Nous arrivons au terme de cette promenade céréalière au Musée d'Orsay. Nous avons traversé de nombreux champs, de nombreux courants, mais peu vu de produits céréaliers. Ils apparaissent en effet de manière ponctuelle dans les œuvres du musée d’Orsay.

Toutefois, cette apparition, très liée aux sujets, n’est pas anodine. Le Déjeuner sur l’herbe, d’Edouard Manet (1863) fait scandale au Salon. Inspiré par l’héritage des maîtres anciens, notamment de Raphaël et du Titien, l’œuvre représente une femme nue au milieu d’un groupe d’hommes habillés, ce que la modernité du traitement rend obscène aux yeux des contemporains. L’artiste impose toutefois, tant par le sujet que par l’absence de respect des conventions artistiques, une nouvelle liberté. La miche de pain tombée du panier, au premier plan, rappelle que l’œuvre figure avant tout un repas champêtre. Là encore, le contraste s’établit entre la qualité des personnages, visiblement des bourgeois citadins, et l’objet de leur présence dans ce décor de sous-bois, à savoir une collation prise en pleine nature.
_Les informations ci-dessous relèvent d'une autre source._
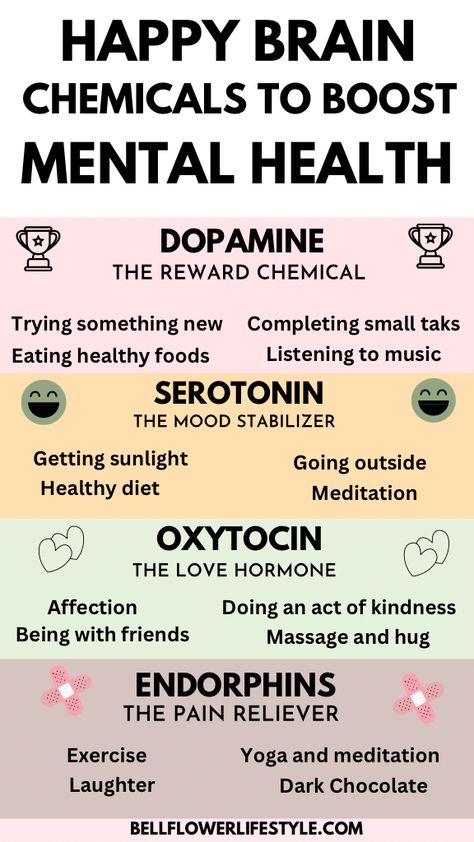 4 Happy Brain Chemicals You need to know for Better Mental Health Happy Brain, Brain Chemicals, Longevity Diet, Brain Surgeon, Brain Facts, Better Mental Health, Healthy Activities, Happy Hormones, Emotional Awareness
Cet instant de plaisir n’est pas sans rappeler la manière dont le pain est considéré dans les civilisations anciennes, la littérature et les arts picturaux. Ainsi, depuis l’Antiquité, le pain, symbole de vie, est associé à la sécurité et à la prospérité. Osiris était considéré comme le dieu ayant appris aux hommes à cultiver le blé, à faire de la farine et à préparer le pain, mets sacré chez les anciens Egyptiens.
Ovide raconte au 1er siècle avant notre ère que lorsque les Gaulois assiégèrent Rome, Jupiter conseilla aux habitants de jeter ce qu’ils avaient de plus précieux par-dessus les murs. Ils confectionnèrent alors du pain qu’ils lancèrent sur les assaillants, donnant ainsi l’illusion d’une ville abondamment approvisionnée et capable de tenir un long siège.
La symbolique du pain dans le christianisme est elle aussi révélatrice de la force placée dans cet aliment, marque de sacrifice généreux et revitalisant. Aussi, la présence du pain dans Le Déjeuner sur l’herbe en fait un sujet de partage, mais aussi un signe d’abondance qui caractérise la haute société française du Second Empire, classe dont l’avenir semble placé sous les auspices favorables de la providence.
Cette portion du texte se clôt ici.